Most of the experiences showed that sparse architectures produced by pruning are difficult to train from the start. This paper, however, present an algorithm to identify winning tickets and a series of experiments that support the lottery ticket hypothesis and the importance of these fortuitous initializations. It suggests that: 'A randomly-initialized, dense neural network contains a subnetwork that is initialized such that when trained in isolation, it can match the test accuracy of the original network after training for at most the same number of iterations.' 

In the experiments, they identified a winning ticket by training a network and pruning smallest-magnitude weights. The remaining, unpruned connections, constitute the architecture of the winning ticket. After that, each unpruned connection’s value was reset to its initialization from the original network before it was trained. Finally, pruned but re-initialized sparse network trained with same computational budget. It turned out the performance scores of the sparse neural network were similar with original dense network.

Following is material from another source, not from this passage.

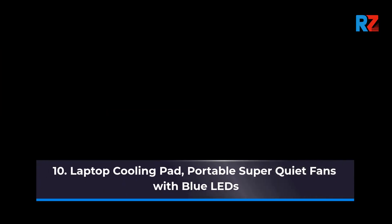10. Laptop Cooling Pad, Portable Super Quiet Fans with Blue LEDs.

It was also suggested that using iterative pruning alleviate to find winning tickets that match the accuracy of the original network at smaller sizes than does one-shot pruning. To prove that, authors set a *n round* rule and at the end of each round they pruned %p of the network, re-initialized it and continue the learning process. 

This was one of the first papers that paved the way for dynamic sparse training literature. 

#Parameter Efficient Training of Deep Convolutional Neural Networks by Dynamic Sparse Reparameterization (Dynamic Sparse Reparameterization - DSR)
##ICML 2019
#### Hesham Mostafa, Xin Wang

This paper improves SET with a simple modification. SET applies magnitude pruning and random growing throughout its learning process. DSR also applies magnitude-based pruning but while growing new connections it considers free parameters in each layer. Highly sparse layers will receive less growth.

In other words, after removing $K$ number of parameters during the pruning phase, $K$ zero-initialized parameters are redistributed among the sparse parameter tensors: layers having larger fractions of non-zero weights receive proportionally more free parameters. This means, free parameters will be redistributed to layers whose parameters receive larger loss gradients.


# Rigging the Lottery: Making All Tickets Winners
## ICML 2019
#### Utku Evci, Trevor Gale, Jacob Menick, Pablo Samuel Castro and Erich Elsen

According to the Lottery Ticket Hypothesis, if we can identify a sparse neural network with iterative pruning, then we can train that sparse network from scratch to the same degree of accuracy by beginning from the initial conditions.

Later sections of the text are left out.